[DATA RECORDS Boundary: Start]

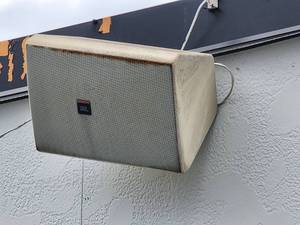 lot 29107 image: Lot of 7 JBL Ourdoor Speakers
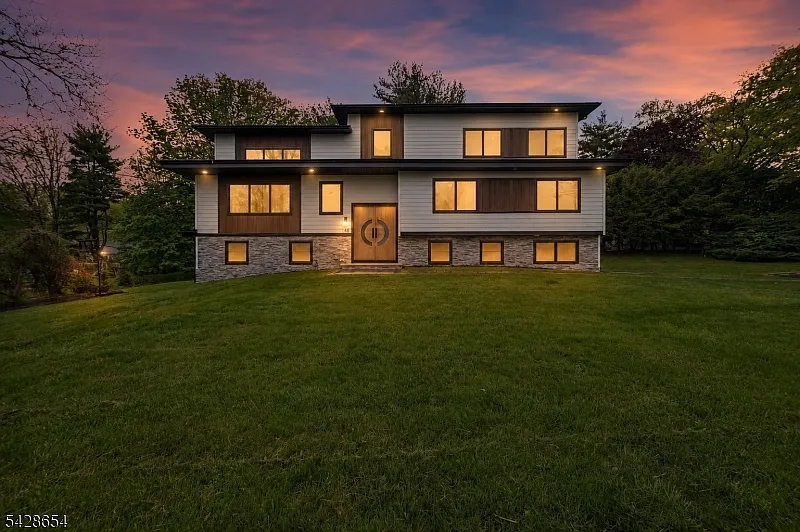 148 Great Hills Rd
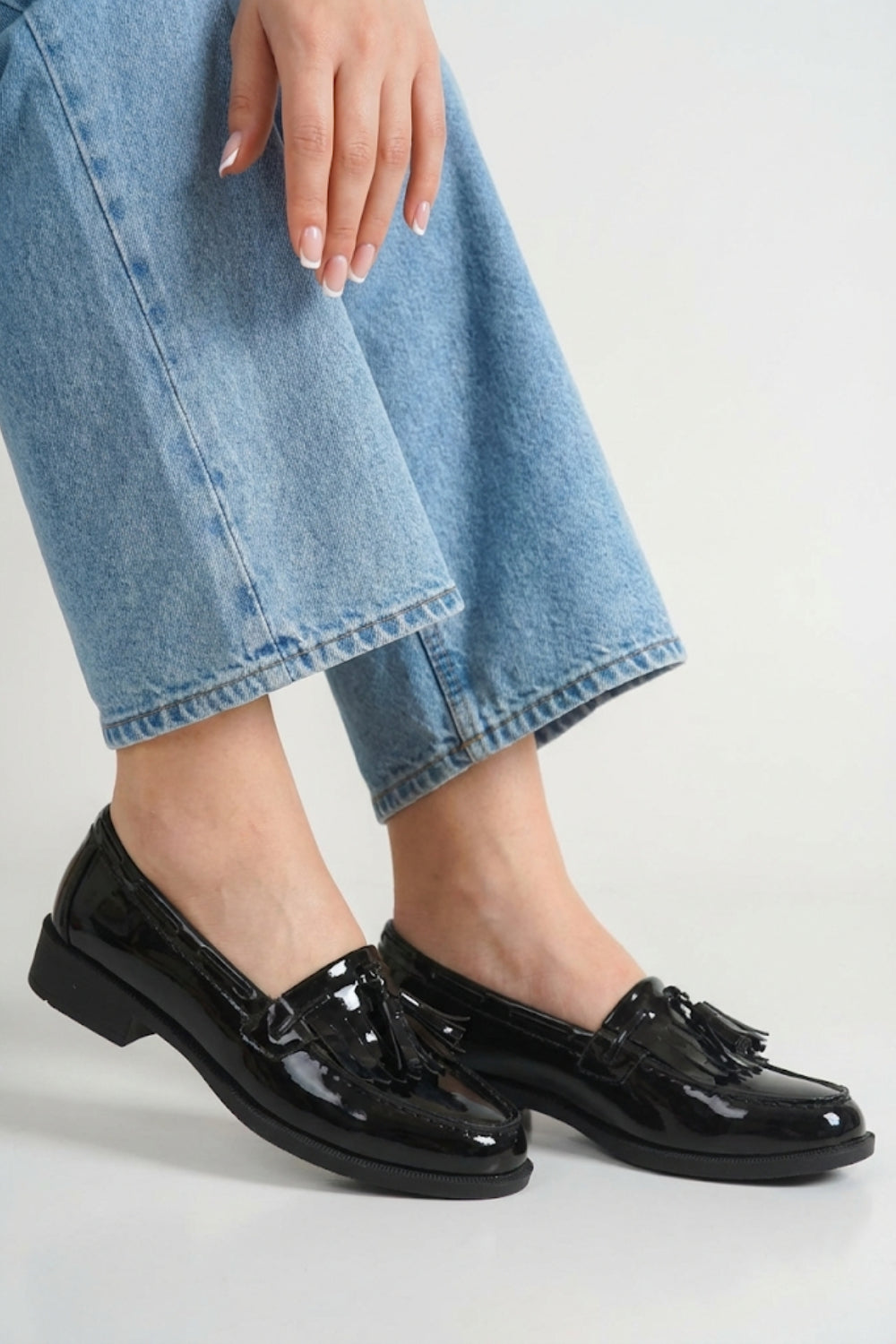 Soleortho svarta slip-on loafers med tofs för damer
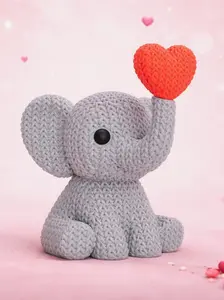 Knitted Elephant Figurine with Blowing Heart for Decoration Adorable Grey Crochet Toy Perfect for Decor home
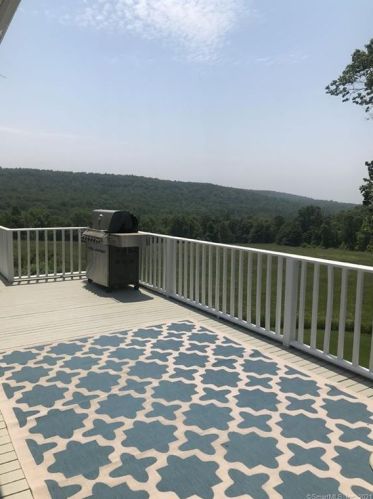 118 Oxbow Ln, Northford CT  06472-1152 exterior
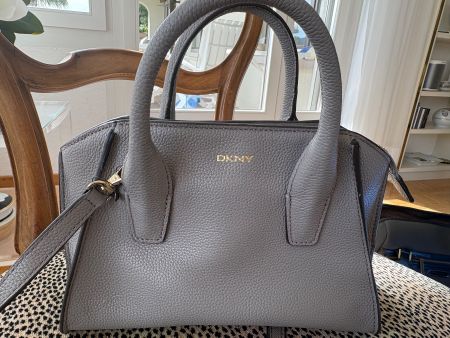 Handtasche DKNY grau Leder Optik gebraucht Zustand gut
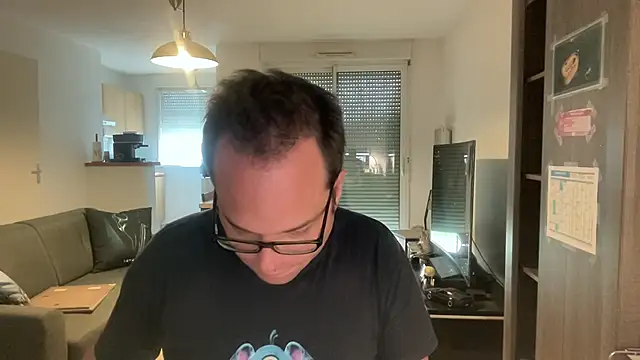 Funnyjul31 online show from April 1, 2026, 2:03 pm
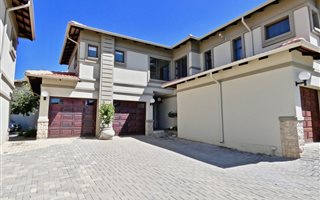 3 Bedroom Cluster in Ebotse Estate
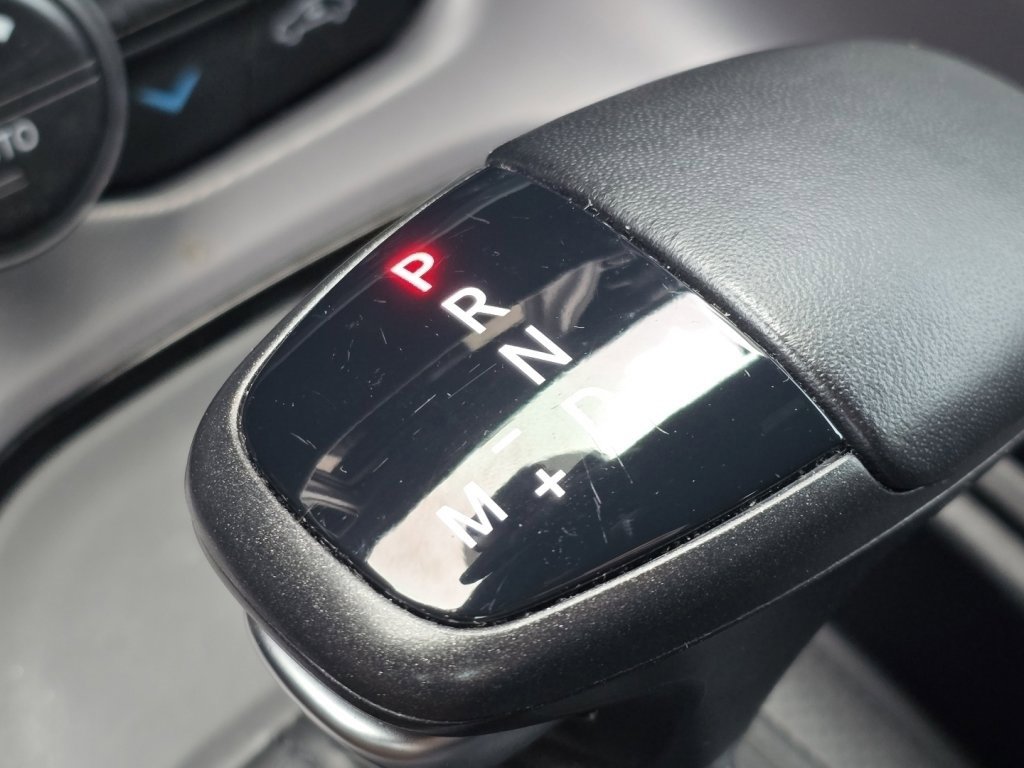 Used 2022 Dodge Challenger GT w/ Driver Convenience Group image 25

[DATA RECORDS Boundary: End]

REQUIRED WORK
If a line falls between the first line of the records above and the line containing "Handtasche DKNY grau", inclusive, retype it exactly; leave pictures out.

RESPONSE BELOW
 lot 29107 image: Lot of 7 JBL Ourdoor Speakers
 148 Great Hills Rd
 Soleortho svarta slip-on loafers med tofs för damer
 Knitted Elephant Figurine with Blowing Heart for Decoration Adorable Grey Crochet Toy Perfect for Decor home
 118 Oxbow Ln, Northford CT  06472-1152 exterior
 Handtasche DKNY grau Leder Optik gebraucht Zustand gut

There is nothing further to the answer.